There’s no argument against working out, no matter what time of day it happens. Get your body moving, no matter how you choose to move it, and the payoff will begin to reveal itself in no time. For some of us, working out first thing in the morning is the way to go. And for others, it’s the morning workout routine is a goal that seems too distant to achieve.
Is a morning workout the best way to exercise your body? The answer lies somewhere in the mix of considering who you are, your priorities, and a good look at your goals.
Benefits of the Morning Workout
Fortunately, like most exercise routines, the benefits far outweigh the disadvantages. If you can train your mind and body to get moving in the morning, here are some of the advantages you’ll enjoy as a result.

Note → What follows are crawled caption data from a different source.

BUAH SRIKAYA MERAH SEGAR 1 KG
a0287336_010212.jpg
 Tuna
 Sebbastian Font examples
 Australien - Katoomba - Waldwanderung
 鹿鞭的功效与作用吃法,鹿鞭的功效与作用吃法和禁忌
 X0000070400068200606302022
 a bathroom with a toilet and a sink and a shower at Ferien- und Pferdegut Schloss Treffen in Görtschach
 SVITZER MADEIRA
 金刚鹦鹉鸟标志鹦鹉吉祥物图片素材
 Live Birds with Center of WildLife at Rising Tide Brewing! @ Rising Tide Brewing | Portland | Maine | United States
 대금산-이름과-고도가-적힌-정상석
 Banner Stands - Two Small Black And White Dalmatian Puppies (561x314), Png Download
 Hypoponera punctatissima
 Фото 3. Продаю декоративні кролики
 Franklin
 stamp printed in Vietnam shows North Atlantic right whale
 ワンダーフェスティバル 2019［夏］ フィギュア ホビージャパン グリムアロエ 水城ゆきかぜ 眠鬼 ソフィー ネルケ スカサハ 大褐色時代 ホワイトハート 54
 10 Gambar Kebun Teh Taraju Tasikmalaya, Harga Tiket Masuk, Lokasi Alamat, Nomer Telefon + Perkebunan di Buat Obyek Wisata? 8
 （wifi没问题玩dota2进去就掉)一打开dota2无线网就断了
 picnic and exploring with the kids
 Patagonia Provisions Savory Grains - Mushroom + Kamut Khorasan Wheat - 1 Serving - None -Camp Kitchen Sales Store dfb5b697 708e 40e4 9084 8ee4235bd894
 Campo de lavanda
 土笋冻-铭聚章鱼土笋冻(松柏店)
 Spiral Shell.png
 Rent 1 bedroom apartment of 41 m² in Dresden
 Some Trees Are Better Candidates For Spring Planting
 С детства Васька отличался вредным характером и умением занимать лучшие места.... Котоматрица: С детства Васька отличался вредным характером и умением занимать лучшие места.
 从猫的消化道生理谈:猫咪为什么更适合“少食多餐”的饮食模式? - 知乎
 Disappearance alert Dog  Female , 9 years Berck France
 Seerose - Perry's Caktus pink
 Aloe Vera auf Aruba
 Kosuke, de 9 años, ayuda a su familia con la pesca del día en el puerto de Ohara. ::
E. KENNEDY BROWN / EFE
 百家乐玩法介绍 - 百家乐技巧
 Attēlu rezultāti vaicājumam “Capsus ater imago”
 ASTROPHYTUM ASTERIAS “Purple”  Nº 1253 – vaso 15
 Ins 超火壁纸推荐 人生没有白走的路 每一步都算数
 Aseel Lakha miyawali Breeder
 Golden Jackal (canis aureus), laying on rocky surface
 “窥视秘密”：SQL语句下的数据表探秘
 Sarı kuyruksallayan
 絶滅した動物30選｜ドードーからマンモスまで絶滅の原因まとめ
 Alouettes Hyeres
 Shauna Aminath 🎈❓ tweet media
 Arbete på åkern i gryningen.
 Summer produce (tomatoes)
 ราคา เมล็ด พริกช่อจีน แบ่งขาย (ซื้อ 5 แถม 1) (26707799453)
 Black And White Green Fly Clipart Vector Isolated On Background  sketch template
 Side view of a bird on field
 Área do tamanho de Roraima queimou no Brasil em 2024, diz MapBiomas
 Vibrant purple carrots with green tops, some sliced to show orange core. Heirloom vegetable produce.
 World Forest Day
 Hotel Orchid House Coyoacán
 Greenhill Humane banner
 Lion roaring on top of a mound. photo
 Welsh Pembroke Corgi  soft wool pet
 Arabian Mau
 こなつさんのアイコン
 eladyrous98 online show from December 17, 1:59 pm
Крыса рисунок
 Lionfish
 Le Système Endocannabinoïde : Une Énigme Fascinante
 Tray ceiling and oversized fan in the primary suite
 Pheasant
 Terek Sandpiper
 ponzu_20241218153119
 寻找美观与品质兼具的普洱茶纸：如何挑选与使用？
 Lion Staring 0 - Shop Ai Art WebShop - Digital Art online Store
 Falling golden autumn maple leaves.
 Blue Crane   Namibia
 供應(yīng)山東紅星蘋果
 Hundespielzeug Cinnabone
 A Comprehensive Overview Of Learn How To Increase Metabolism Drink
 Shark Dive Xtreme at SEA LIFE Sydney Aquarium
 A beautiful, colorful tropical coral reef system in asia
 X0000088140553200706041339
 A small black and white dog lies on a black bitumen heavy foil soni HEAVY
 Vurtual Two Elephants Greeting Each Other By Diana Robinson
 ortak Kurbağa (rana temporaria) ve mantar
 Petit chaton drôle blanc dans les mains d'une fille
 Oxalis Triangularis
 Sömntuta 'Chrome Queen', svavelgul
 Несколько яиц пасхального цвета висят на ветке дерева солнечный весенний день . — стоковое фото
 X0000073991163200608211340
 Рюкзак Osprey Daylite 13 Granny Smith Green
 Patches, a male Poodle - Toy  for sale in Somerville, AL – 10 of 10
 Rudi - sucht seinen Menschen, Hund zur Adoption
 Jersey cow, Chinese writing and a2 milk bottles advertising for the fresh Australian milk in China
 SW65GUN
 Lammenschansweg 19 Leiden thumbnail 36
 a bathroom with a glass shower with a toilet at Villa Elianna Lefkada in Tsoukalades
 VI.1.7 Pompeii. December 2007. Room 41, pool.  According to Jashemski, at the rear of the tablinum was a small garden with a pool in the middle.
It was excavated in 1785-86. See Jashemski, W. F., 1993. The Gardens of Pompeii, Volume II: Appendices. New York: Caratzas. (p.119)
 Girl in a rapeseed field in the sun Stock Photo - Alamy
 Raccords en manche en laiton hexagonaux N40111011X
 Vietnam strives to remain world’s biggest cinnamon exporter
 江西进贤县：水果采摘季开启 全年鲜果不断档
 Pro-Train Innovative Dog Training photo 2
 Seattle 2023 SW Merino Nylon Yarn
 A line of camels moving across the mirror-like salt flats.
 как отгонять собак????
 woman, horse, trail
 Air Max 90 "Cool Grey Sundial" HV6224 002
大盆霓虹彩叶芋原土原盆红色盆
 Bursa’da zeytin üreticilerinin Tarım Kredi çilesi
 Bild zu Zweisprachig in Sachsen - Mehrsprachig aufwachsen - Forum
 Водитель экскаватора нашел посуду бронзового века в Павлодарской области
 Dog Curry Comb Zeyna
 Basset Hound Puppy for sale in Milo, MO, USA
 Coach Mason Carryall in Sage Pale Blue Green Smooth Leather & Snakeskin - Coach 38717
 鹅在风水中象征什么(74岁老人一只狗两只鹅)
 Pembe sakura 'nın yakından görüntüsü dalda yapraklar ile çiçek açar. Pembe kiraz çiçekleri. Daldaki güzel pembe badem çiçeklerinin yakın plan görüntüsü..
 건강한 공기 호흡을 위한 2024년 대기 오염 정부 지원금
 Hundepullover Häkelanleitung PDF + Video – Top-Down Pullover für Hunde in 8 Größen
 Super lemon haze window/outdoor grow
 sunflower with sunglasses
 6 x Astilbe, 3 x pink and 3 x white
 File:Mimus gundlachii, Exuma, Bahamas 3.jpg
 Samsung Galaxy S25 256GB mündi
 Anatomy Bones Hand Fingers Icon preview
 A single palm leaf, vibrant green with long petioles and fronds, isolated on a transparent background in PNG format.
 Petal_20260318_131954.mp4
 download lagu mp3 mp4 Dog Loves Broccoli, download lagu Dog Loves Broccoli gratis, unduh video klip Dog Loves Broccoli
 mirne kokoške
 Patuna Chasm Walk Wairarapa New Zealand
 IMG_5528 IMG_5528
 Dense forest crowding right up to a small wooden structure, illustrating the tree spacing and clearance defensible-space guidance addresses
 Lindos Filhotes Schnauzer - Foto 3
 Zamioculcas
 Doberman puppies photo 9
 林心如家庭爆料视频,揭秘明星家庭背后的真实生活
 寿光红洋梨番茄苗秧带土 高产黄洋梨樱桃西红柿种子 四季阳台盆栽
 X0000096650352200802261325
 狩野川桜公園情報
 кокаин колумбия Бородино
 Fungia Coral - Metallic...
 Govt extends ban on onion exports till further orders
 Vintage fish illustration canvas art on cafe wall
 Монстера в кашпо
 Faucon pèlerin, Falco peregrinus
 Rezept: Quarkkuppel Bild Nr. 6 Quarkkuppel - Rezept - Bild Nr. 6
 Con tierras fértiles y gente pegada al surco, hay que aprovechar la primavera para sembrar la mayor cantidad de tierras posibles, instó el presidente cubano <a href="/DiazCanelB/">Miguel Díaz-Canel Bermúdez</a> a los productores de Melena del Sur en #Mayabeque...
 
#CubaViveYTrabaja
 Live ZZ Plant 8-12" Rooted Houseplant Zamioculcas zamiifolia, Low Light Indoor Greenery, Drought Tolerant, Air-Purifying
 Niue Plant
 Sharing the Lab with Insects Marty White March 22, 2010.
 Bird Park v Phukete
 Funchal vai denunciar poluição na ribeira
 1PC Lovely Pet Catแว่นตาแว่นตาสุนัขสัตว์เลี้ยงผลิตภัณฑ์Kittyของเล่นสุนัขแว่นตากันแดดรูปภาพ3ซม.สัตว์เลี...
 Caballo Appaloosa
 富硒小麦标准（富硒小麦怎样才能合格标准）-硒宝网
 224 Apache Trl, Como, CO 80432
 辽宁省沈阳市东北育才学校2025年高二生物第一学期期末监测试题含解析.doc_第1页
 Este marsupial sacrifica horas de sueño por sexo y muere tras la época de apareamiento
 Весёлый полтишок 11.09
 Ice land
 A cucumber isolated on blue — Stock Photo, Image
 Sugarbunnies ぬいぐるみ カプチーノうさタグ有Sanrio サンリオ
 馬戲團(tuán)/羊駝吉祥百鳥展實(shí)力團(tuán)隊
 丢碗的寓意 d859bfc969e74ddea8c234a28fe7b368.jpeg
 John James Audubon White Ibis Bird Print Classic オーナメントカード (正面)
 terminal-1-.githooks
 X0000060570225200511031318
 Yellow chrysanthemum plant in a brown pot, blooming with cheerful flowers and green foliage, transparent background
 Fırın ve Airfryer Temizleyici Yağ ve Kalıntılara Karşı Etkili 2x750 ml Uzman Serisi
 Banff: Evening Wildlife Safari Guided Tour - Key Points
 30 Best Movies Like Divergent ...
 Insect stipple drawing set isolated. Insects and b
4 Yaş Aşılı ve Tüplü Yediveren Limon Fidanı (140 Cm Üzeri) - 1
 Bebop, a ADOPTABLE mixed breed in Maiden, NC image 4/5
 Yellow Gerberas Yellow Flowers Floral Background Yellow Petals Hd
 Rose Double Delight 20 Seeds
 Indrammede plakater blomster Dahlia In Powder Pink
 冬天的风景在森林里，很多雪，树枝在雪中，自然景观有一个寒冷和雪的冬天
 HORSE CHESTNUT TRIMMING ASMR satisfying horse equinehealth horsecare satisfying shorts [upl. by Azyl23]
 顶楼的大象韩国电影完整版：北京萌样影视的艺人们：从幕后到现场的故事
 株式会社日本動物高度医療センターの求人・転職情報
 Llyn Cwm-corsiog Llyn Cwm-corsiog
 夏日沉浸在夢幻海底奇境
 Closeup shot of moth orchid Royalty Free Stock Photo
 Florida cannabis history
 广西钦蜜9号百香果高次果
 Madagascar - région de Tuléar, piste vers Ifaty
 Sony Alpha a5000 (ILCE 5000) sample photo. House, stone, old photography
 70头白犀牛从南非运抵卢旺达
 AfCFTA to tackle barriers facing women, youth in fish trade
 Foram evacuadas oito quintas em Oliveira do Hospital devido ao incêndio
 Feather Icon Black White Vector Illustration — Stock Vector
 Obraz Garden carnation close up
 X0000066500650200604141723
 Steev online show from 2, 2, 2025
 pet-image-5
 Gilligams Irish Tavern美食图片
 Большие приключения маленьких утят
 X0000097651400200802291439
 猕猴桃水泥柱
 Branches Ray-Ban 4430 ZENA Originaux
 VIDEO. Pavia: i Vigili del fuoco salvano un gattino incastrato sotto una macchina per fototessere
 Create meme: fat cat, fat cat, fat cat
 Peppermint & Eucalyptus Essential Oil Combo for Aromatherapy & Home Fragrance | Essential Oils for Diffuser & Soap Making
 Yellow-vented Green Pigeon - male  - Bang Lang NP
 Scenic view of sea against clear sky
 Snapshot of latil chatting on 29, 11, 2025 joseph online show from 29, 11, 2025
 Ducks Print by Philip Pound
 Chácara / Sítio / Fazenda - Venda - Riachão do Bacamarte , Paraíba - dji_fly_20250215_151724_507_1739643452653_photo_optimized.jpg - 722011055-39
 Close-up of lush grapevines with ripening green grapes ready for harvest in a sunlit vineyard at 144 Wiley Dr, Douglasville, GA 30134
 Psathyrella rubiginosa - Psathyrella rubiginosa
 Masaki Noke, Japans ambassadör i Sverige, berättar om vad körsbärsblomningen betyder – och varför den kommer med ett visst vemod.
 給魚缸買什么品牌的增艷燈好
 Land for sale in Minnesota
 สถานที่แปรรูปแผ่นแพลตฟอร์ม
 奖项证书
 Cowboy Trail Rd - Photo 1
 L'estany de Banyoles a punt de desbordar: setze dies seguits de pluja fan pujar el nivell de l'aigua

Say Hello to an Endorphin Filled Day
Working out in the morning means filling your body with endorphins produced as a result of raising your heart rate and conditioning your muscles. These endorphins help keep your attitude upbeat and energy levels high.
Though you may not feel the energy boost at first, after your morning workout has become routine, you may notice you have more energy than you used to. This increased energy allows you to be more productive and, as a result, more positive too.
Exercise in the morning kickstarts your metabolism, helping it to run more efficiently throughout the day. This means calories going into your body are used up at a faster rate than what would have been the case if you did not exercise. Additionally, the more muscle you build, the more calories your body can use effectively to move through the day.
Morning Workout Disadvantages
Working out in the morning may be very difficult to do for some of us. This is especially true if your morning routine is already full of tasks that must be accomplished before the rest of your day can begin. You may need to examine what tasks can be moved to a different part of the day, or the previous evening to make room for a morning workout.
How to Become a Morning Workout Person
So now comes the hard part. Or is it so hard? If you’re a morning person, incorporating a workout may be as simple as consistently working out for a full week. For the rest of us, it may take a little more discipline. Set a goal for yourself. Decide how many times over the next two weeks you will work out in the morning, and stick to it. The good news is, once it becomes a habit, the benefits will be enough to keep you motivated to continue working out.